Abstract
To gain insight into how a naturally occurring scaffold composed of extracellular matrix (ECM) proteins provides directional guidance for capillary sprouting, we examined angiogenesis in whole-mount specimens of rat mesentery. Angiogenesis was studied in response to normal maturation, the injection of a mast cell degranulating substance (compound 48/80), and mild wounding. Confocal microscopy of specimens immunolabeled for elastin revealed a network of crosslinked elastic fibers with a density of 140.8 ± 37 mm of fiber/mm2 tissue. Fiber diameters ranged from 180 to 1400 nm, with a mean value of 710 ± 330 nm. Capillary sprouts contained CD31- and OX-43-positive endothelial cells as well as desmin-positive pericytes.

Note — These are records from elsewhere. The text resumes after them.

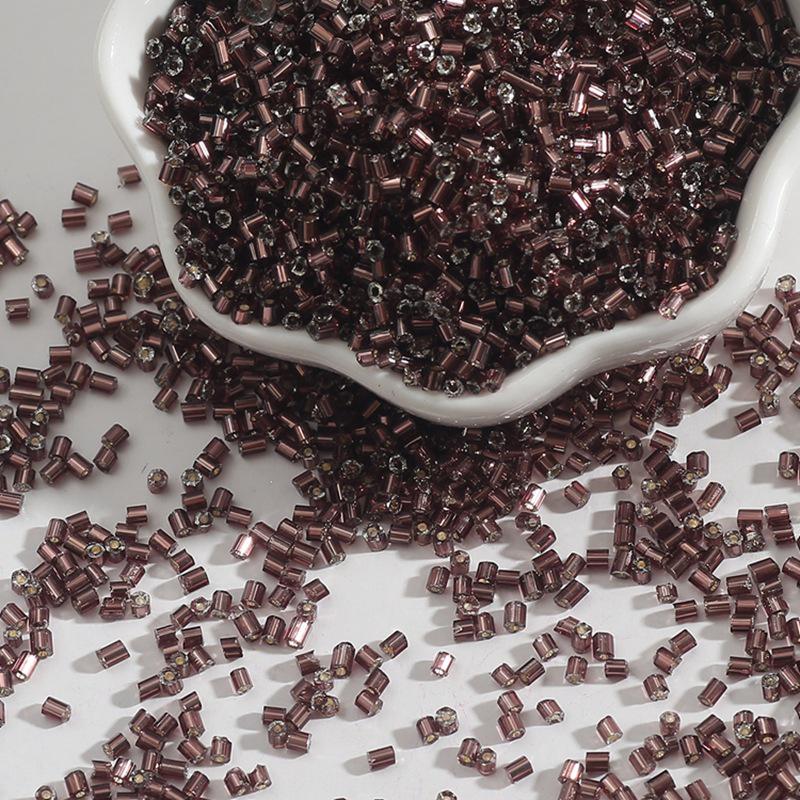 DIY Handgemachte Perlen-Haarnadel: Kreuzstich Glasperlen, Versilbertes Zubehör für Hochzeitskleid/Tasche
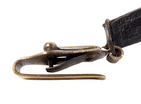 Antique German DRGM Chatelaine Belt Clip On Leather Spectacles Glasses Case Circa 1890s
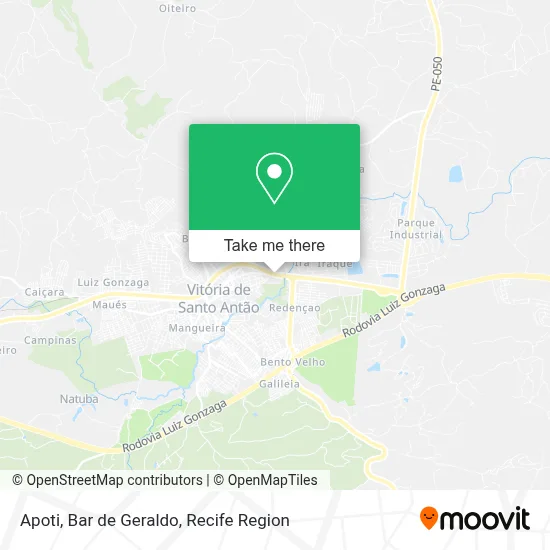 Apoti, Bar de Geraldo map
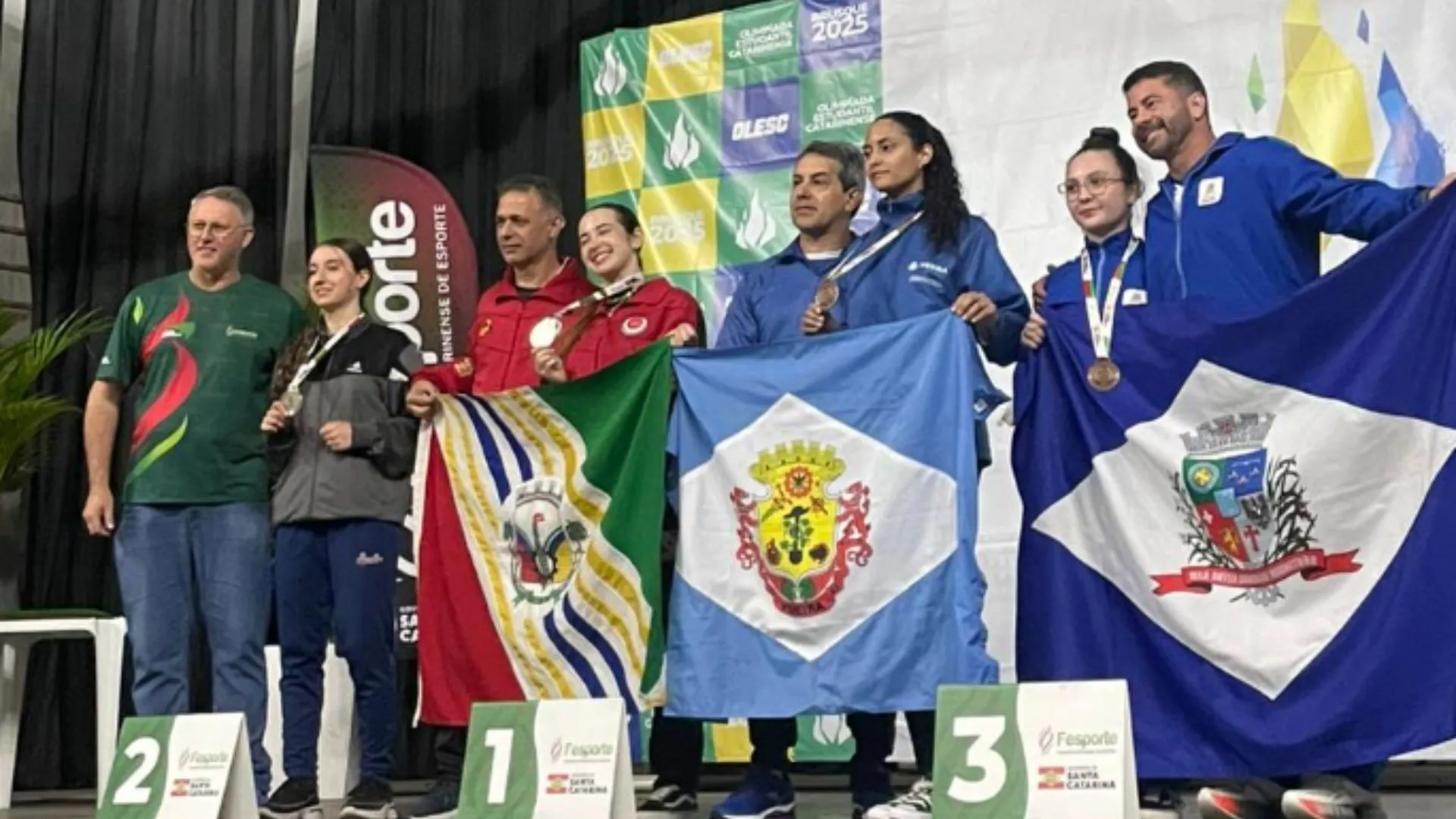 Karateca de Videira garante terceiro lugar na Olesc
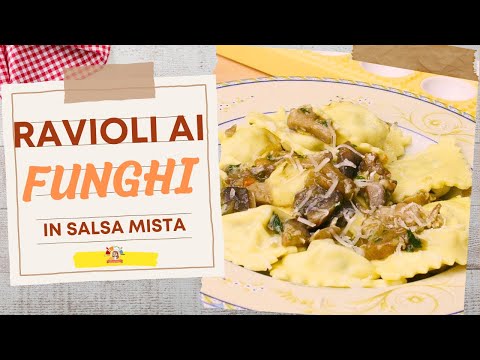Ravioli ai Funghi e Salsa Mista: Ricetta Gourmet da Provare Subito!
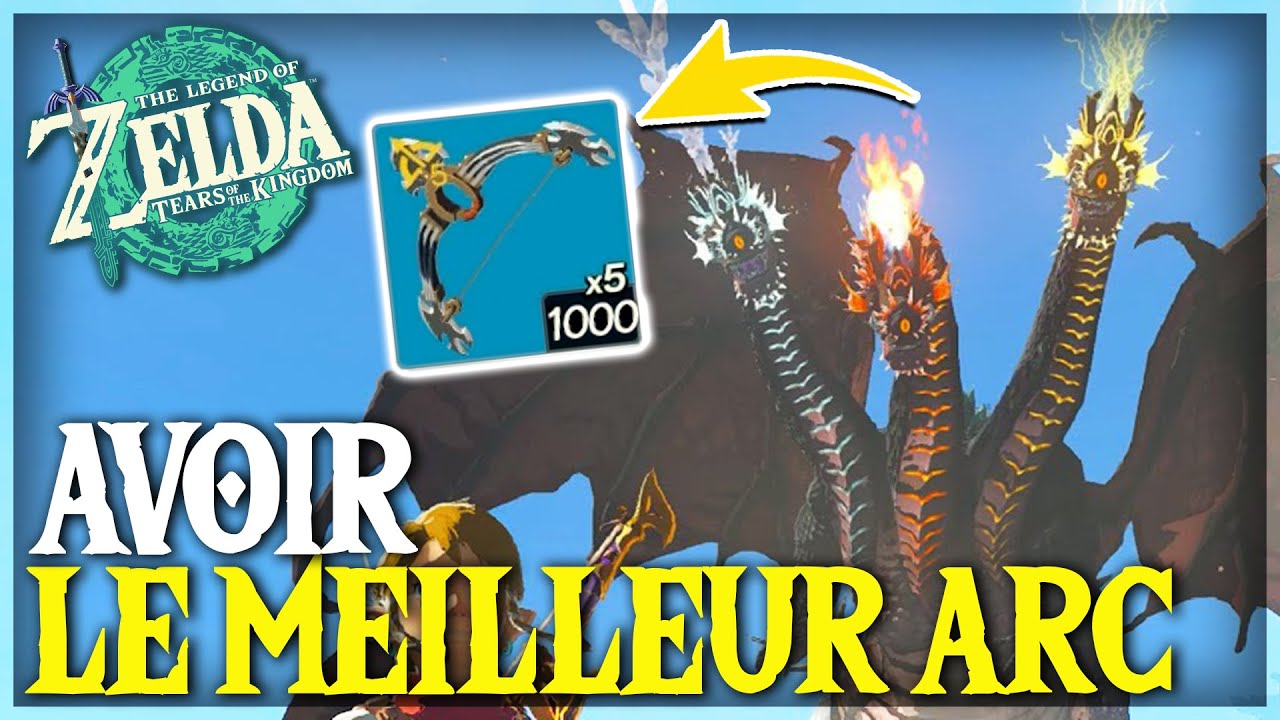 l'ARC le PLUS PUISSANT qui détruit des GRIOCKS dans Zelda Tears of the Kingdom - TUTO ZELDA TOTK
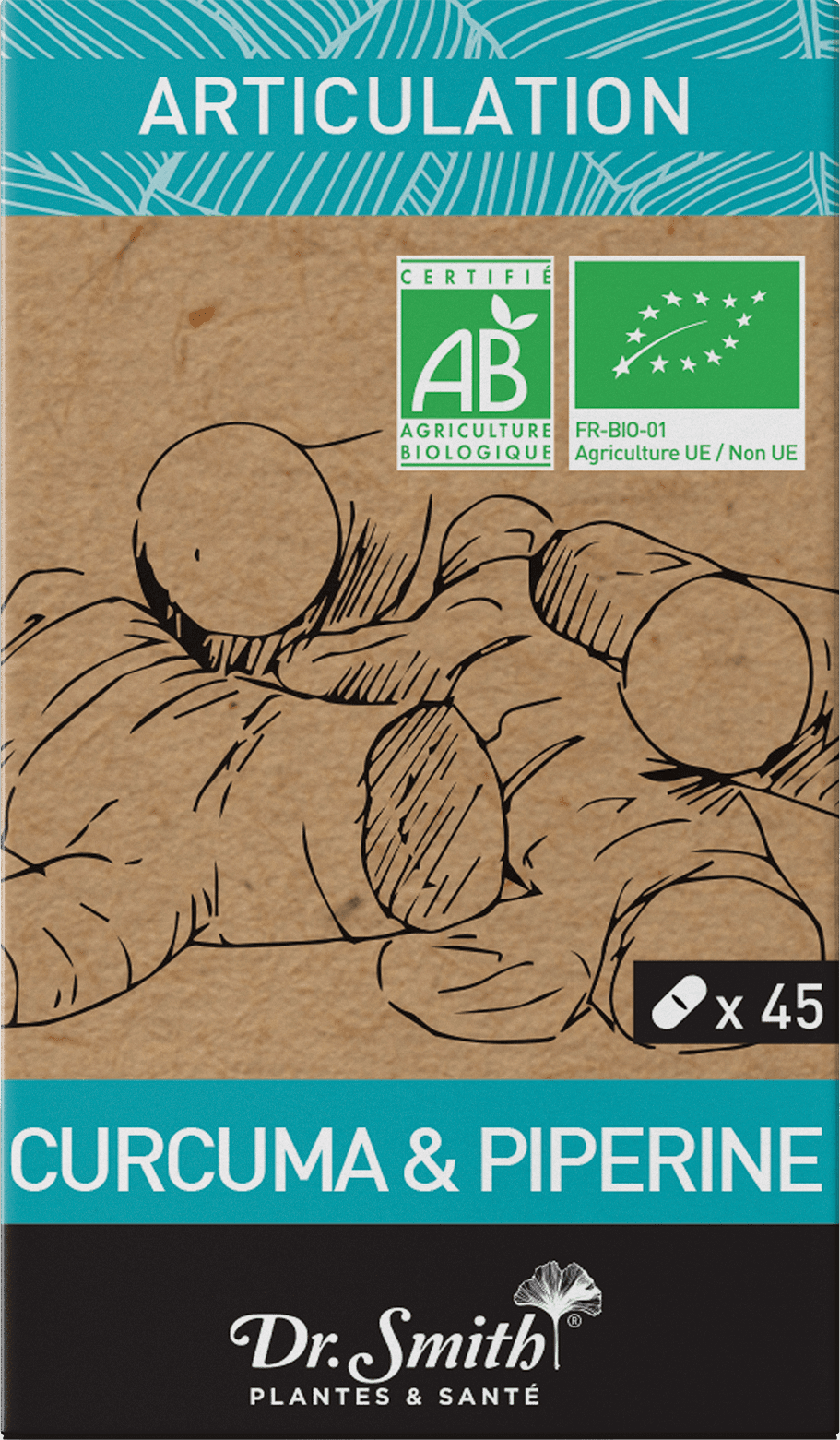 DR SMITH CURCUMA GELUL 45 — Pharmacie de Bois Lemaitre - Marseille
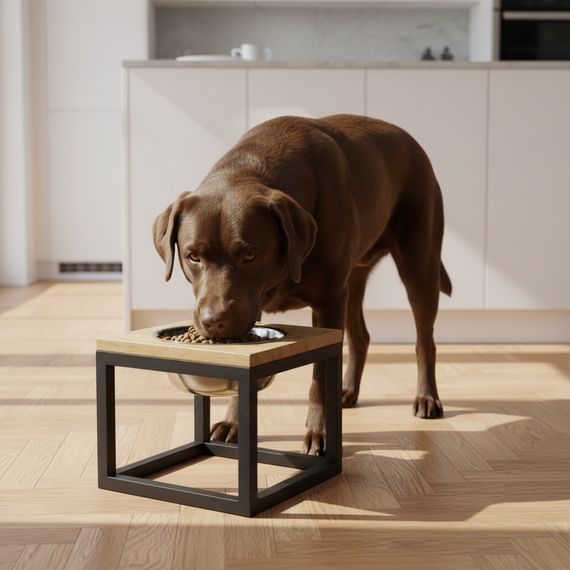 Миска на подставке для больших собак Hollky Base Solo XL (1 × 1,8 л) Solo XL-262620-BLNT | Зображення 1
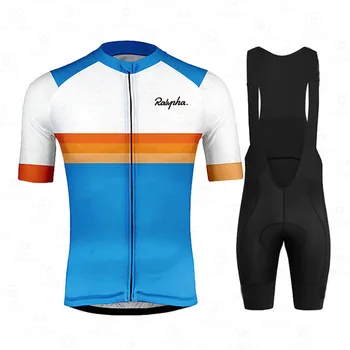 

Raphaful 2020 pro team Cycling Jersey Maillot Ciclismo Short Sleeve summer men's road cycling bib gel shorts kits ropa de hombre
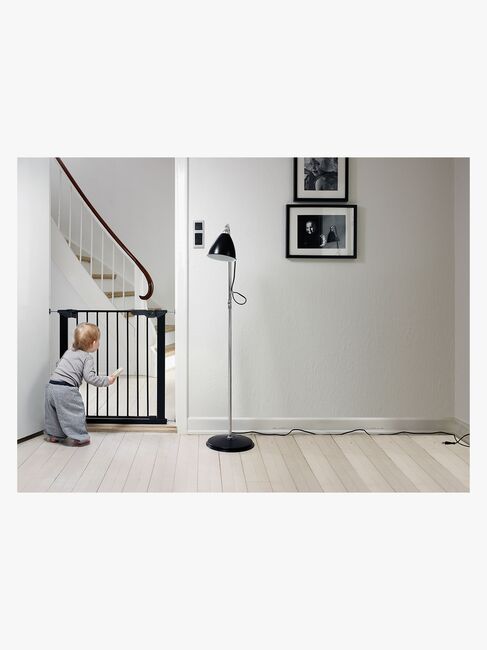 Babydan Premier Klemmgitter + 2 Verlängerungen, Schwarz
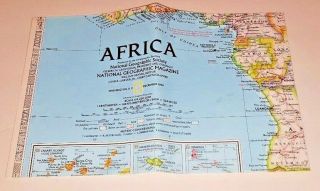 National Geographic Wall Map 1990 Africa Large Colorful Ng Bonus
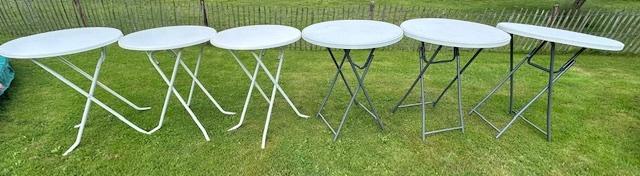 party tafels, Ophalen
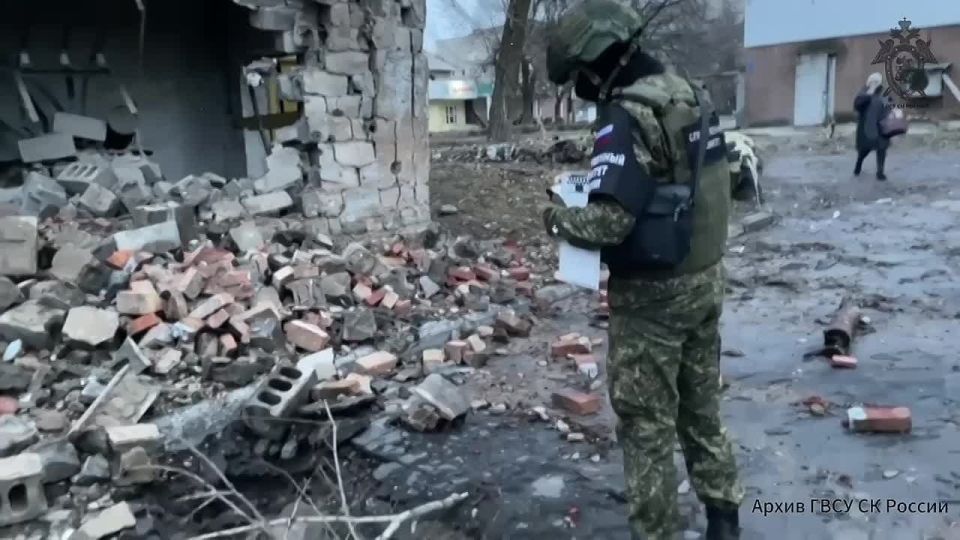 За минувшие сутки следователями СК России зафиксированы очередные обстрелы территории ДНР, совершенные ВФУ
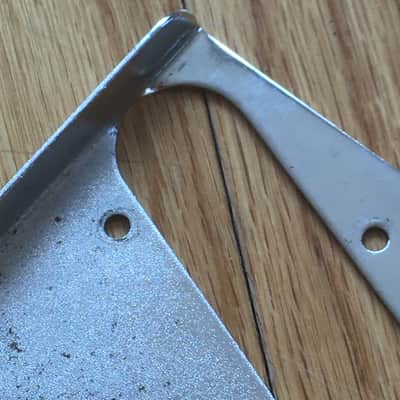 Vintage Fender 1970s Relic Tele Ashtray Bridge Plate Telecaster 6 Barrel Saddles image 8
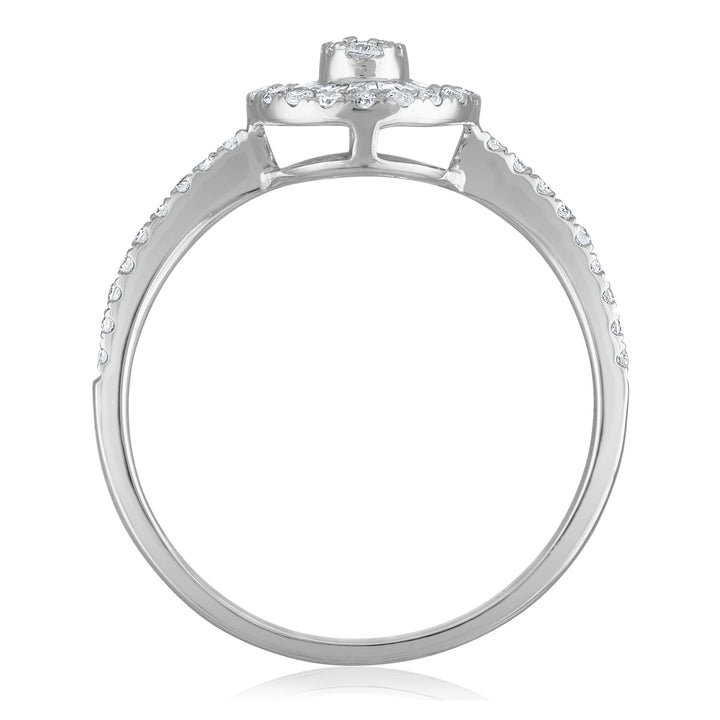 Diamond Engagement Ring in 14K White Gold (3/8 ct. tw.)
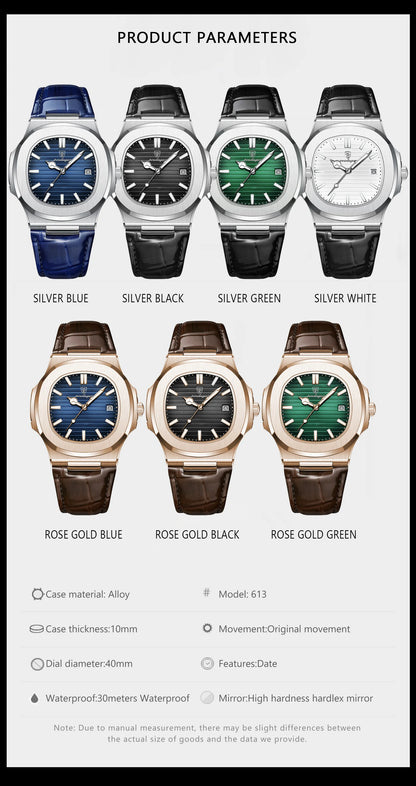 POEDAGAR Luxury Men's Wristwatch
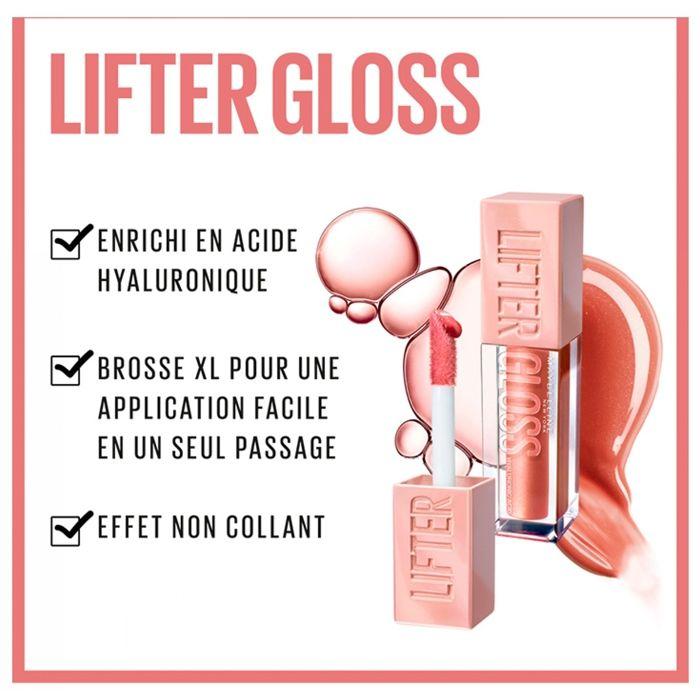 Maybelline New-York Gloss à Lèvres Liquide Lifter Gloss Bubblegum 5.4ml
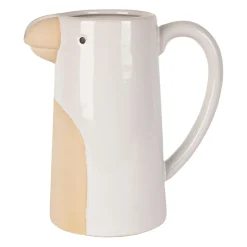 Pichet oiseau en grès blanc 1.1L - Calao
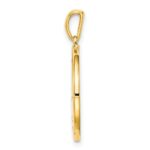 Sterling Silver Gold-plated & CZ Aquarius Zodiac Pendant - Image 2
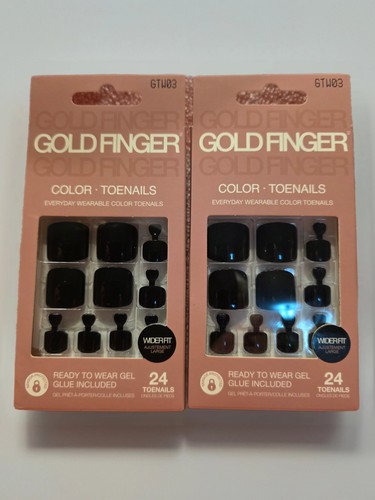 Gel goldfinger color - color, toenails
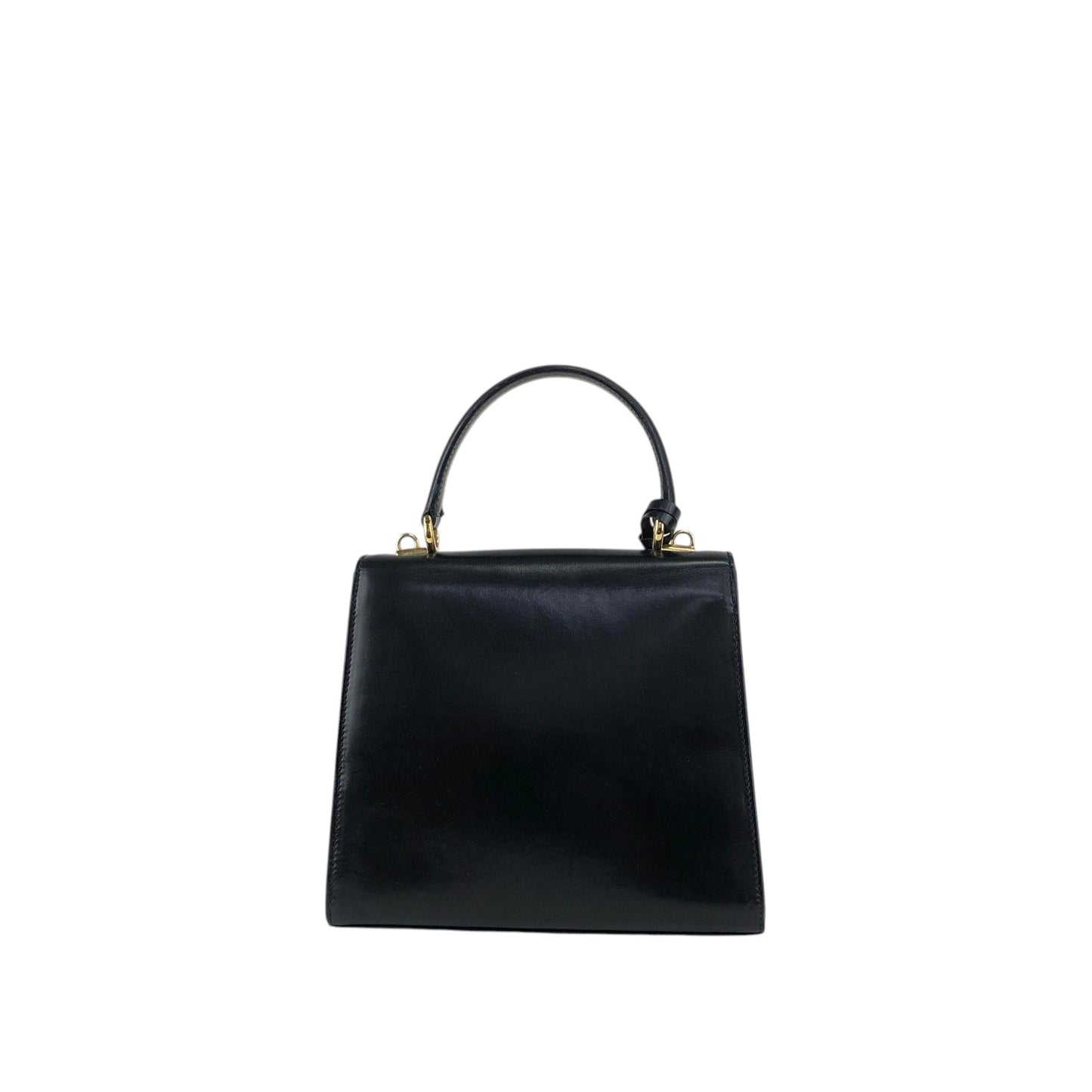 GUCCI Lady Lock Two-wayHandbag Shoulder bag Black Vintage uiedgd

During normal maturation, leading endothelial cells and pericytes were in contact and aligned with an elastic fiber in ≃80–90% of all sprouts. In wounding and compound 48/80-treated specimens, in which angiogenesis was markedly increased, leading endothelial cells remained in contact and aligned with elastic fibers in ≃60–80% of all sprouts. These observations indicate that elastic fibers are used for endothelial and pericyte migration during capillary sprouting in rat mesentery. The composition of this elastic fiber matrix may provide important clues for the development of tissue-engineered scaffolds that support and directionally guide angiogenesis.
I
Understanding the structure and composition of an in vivo angiogenesis scaffold may also be beneficial for the field of tissue engineering, in which three-dimensional tissue constructs and implants often fail due to insufficient oxygenation caused by incomplete or absent vascularization. To date, many tissue-engineered constructs have been generated to support neovascularization, either within the construct itself (Richardson et al. 2001; Kidd et al. 2002; Peters et al. 2002) or in the surrounding tissue (Lee et al. 2000; Pinney et al. 2000; Kellar et al. 2001). These include three-dimensional fibroblast cultures (Pinney et al. 2000; Kellar et al. 2001), alginate hydrogels containing angiogenic growth factors (Lee et al. 2000), biodegradable poly (lactideco-glycolide) polymer matrices containing either angiogenic growth factors (Richardson et al. 2001) or endothelial cells (Peters et al. 2002), and implanted porous polytetrafluoroethylene (ePTHE) polymer constructs amended by ECM deposition (Kidd et al. 2002). However, the scaffolds supporting these constructs have not been specifically designed as substrates for directionally guiding the migration of endothelial cells and pericytes. One potential advantage of developing such a scaffold is that the spatial manipulation of angiogenesis could be achieved by altering the orientation and composition of the fibers in the matrix. In part, the present study was undertaken to gain insight into how such a biomimetic scaffold could be designed.
Materials and Methods
Angiogenesis Models
All animal studies were approved by the Animal Research Committee at the University of Virginia and conformed to the American Heart Association Guidelines for the Use of Animals in Research. Angiogenesis was studied in rat mesentery during normal development and in response to both wound healing and the direct application of compound 48/80, a substance that degranulates mast cells. During normal development, microvessel networks develop in previously avascular tissue via capillary sprouting from vessels in the surrounding fat (Hansen-Smith et al. 1994; Ponce and Price 2003; Anderson et al. 2004). In young adult and juvenile animals, microvessel networks are visible at the edges of the mesentery while the center is primarily avascular. Compound 48/80 treated specimens were generated by daily IP injections of the substance dissolved in 0.9% saline (pH 7.2) (Norrby et al. 1986, Ponce and Price 2003; Anderson et al. 2004). Over a 5-day period, the concentration of compound 48/80 was increased daily from 100 μg/ml/100 g bw to 500 μg/ml/100 g bw. Mesenteries were harvested 3 days after the final injection. For the wound-healing stimulus, animals were anesthetized by an IM injection of ketamine (80 mg/kg bw) and xylazine (8 mg/kg bw) and the mesentery was exposed by laparotomy under sterile conditions. Mesenteric tissues were then compressed with a cotton-tipped swab. After this intervention, the abdominal wall and skin were closed with sutures and the animal was allowed to recover. Mesenteric tissues were harvested for immunochemistry and observation 3 days after surgery.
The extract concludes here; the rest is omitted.